Home Health & Hospice Week

Audits:

8 THERAPY RED FLAGS THE FEDS MAY BE LOOKING FOR

The more of these you have, the more you may catch reviewers' attention.

Medicare often has a strong financial incentive to knock down just a few therapy visits per episode--and will be only too happy to do so.

Get ready to defend your visits if you're waving these therapy red flags to auditors from the HHS Office of Inspector General, regional home health intermediaries or elsewhere:

1. High percentage of marginal episodes. If you have many episodes that barely break the therapy threshold, you may show up on the feds' radar screen, noted physical therapist Cindy Krafft, director of rehabilitation for OSF Home Care based in Peoria, IL, in a recent teleconferrence sponsored by Eli Research.

Reviewers have an easy time recouping $2,000 to $2,500 per episode just by denying a few visits based on medical necessity, reasonableness or technical problems like missing visit notes, Krafft cautioned.

2. Short therapy visits. When the Centers for Medicare & Medicaid Services first drafted the home health prospective payment system, it considered using therapy hours rather than visits to set the high-therapy threshold, Krafft recalled. CMS used a therapy visit length of about 45 minutes to set the 10-visit mark.

While there is no official rule about how long your therapy visits must be, CMS "did not want to see the visits ... systematically become shorter," Krafft said. In other words, you shouldn't be providing 30-minute therapy visits so the therapist can go out more often. OIG auditors asked about therapy length when they gathered information.

3. Low discipline mix. OIG auditors focused on episodes that contained physical therapy visits only to exceed the 10-visit threshold, Krafft explained. Agencies may find it harder to justify 10 to 12 visits from one discipline, as opposed to a handful of visits by PTs, occupational therapists and speech therapists to address different issues.

4. Unvarying visits. Reviewers may raise their eyebrows if all your patients get assigned about the same number of visits. "Is that reasonable when everybody looks the same?
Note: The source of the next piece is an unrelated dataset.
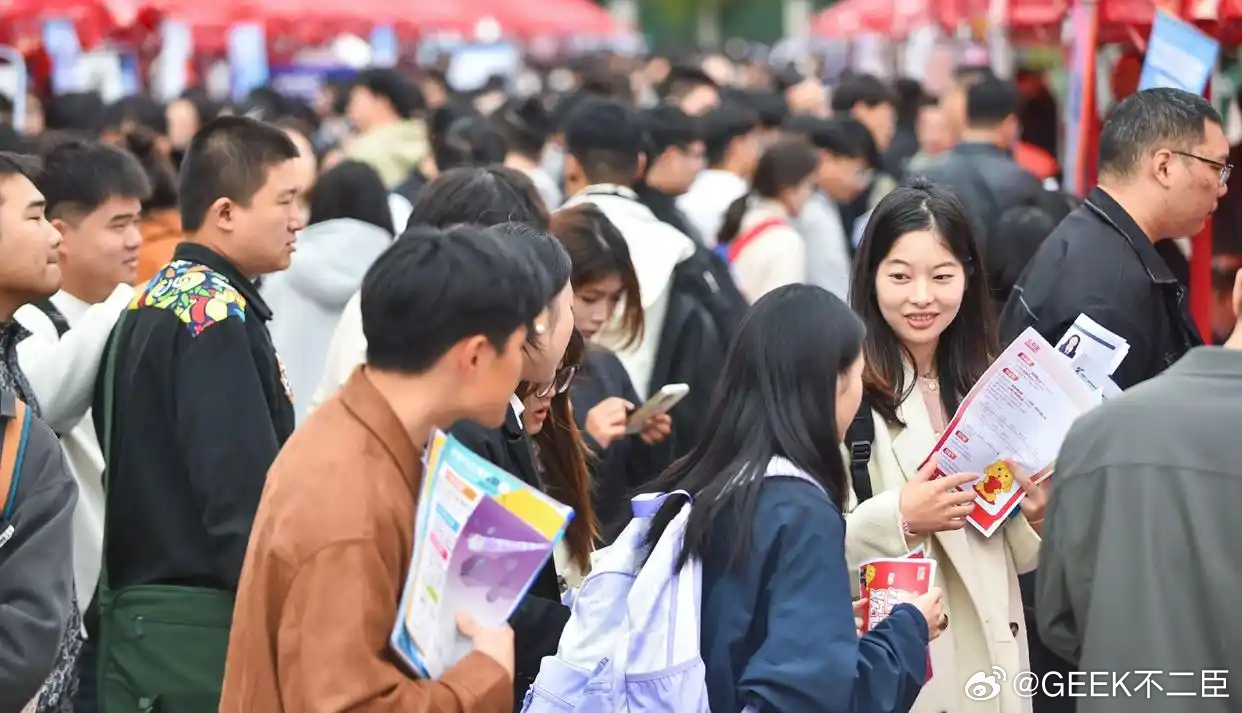 麻醉学就业率几乎100%抛开待遇光谈就业率就是片面的数字陷阱。看似人人都能顺利上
Not really," Krafft warned. That's especially true if the usual visit number barely exceeds the threshold.

5. Lots of visits for a limited reason. OIG reviewers hammered some cases where 12 therapy visits were called for to administer a home program. "Why do we need all these visits to accomplish this?" Krafft asked. Auditors judged "that after about six visits, this patient should have the home program information down."
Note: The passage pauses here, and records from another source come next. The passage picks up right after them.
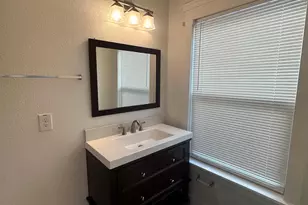 626 W 10th St, Dallas, TX 75208 - Photo 4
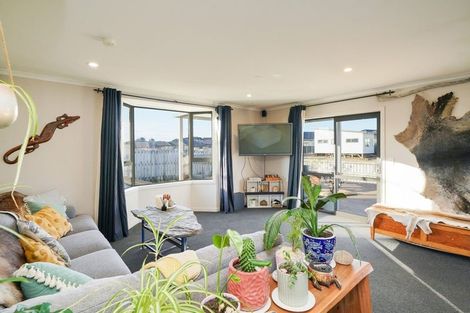 Photo of property in 55 Mavora Crescent, Heidelberg, Invercargill, 9812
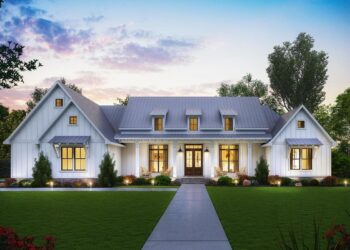 Modern Farmhouse ~2,514 Sq Ft – Split Bedrooms, Bonus Space & Laundry-Smart Layout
If there are complications in addition to the home program--say, inconsistent caregivers or cognitive issues--you need to document those reasons for furnishing more visits.

6. Independent OASIS scores. When your clinicians score a patient as independent in lots of categories such as ambulation and transferring, it is hard to justify why your therapists are in there working on those issues, Krafft predicted. "If this person can get around by themselves ... why do you go" for up to 12 visits?

7. V57.1 overuse. RHHIs are already cracking down on use of V57.1 (Other physical therapy, therapeutic and remedial exercises, except breathing), Krafft noted. That scrutiny is bound to get tighter now that ICD-9 coding rules mandate providers use this code as a primary diagnosis only (see Eli's HCW, Vol. XIV, No. 45).

8. Technical errors. The OIG's third therapy audit focused on visit denials for reasons ranging from missing or not matching orders, missing visit notes and miscalculated billing codes (see Eli's HCW, Vol. XIV, No. 37).

These are the types of issues agencies are used to seeing in surveys, not audits, Krafft noted. The audit "sheds a new light on what it could cost us to have those technical pieces missing."